In this case, a wife (Julia) joins her husband (Roddy), who is stationed outside London and is a non-combatant RAF officer. They move into a house belonging to Mrs Lippincote, who has removed herself and her daughter to an hotel. The house is full of her possessions so that her letters, photographs, silverware and china insinuate her watchful presence on the interlopers.

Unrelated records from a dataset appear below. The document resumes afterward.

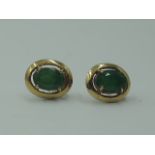 A pair of 9ct gold stud earrings having jade style oval stones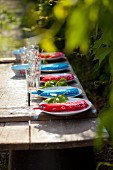 Bandana-Tücher als Bestecktaschen auf rustikalem Holztisch im Garten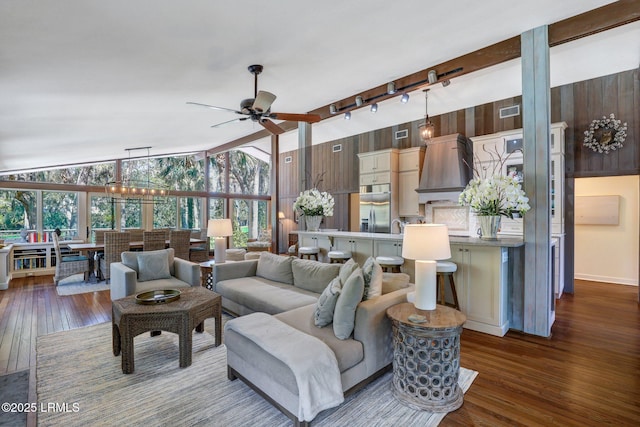 34 W Beach Lagoon Dr, Hilton Head Island, SC 29928 - living area with visible vents, lofted ceiling with beams, dark wood finished floors, rail lighting, and ceiling fan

Roddy married Julia thinking that he could help her to ‘grow up’, by which he seems to mean grow into the sort of woman who will put him at the centre of her life, preferably on a pedestal. Julia, to his mind, is a less than ideal wife for an officer, with no notion of RAF hierarchy or appropriate behaviour. Julia, despite coming from a ‘reading, drinking… weeping family’, faces life and her husband’s shortcomings with a matter-of-fact air that baffles and unsettles him. ‘He did not want to be reckoned at his own worth.’ Complicating their domestic life is Roddy’s cousin, Eleanor, who lives with them and who has been in love with Roddy since childhood. She is jealous of Julia, in awe of Roddy and unloved by both of them. Each of the three is keeping some sort of secret from the others, but there is no great explosion at the end, more an awkward untangling of words and small actions.
It was a quick read and one of my favourite types of book: the ostensibly domestic story that has far more depth than appears because of the universality of its themes. I’ll certainly be reading more of Elizabeth Taylor.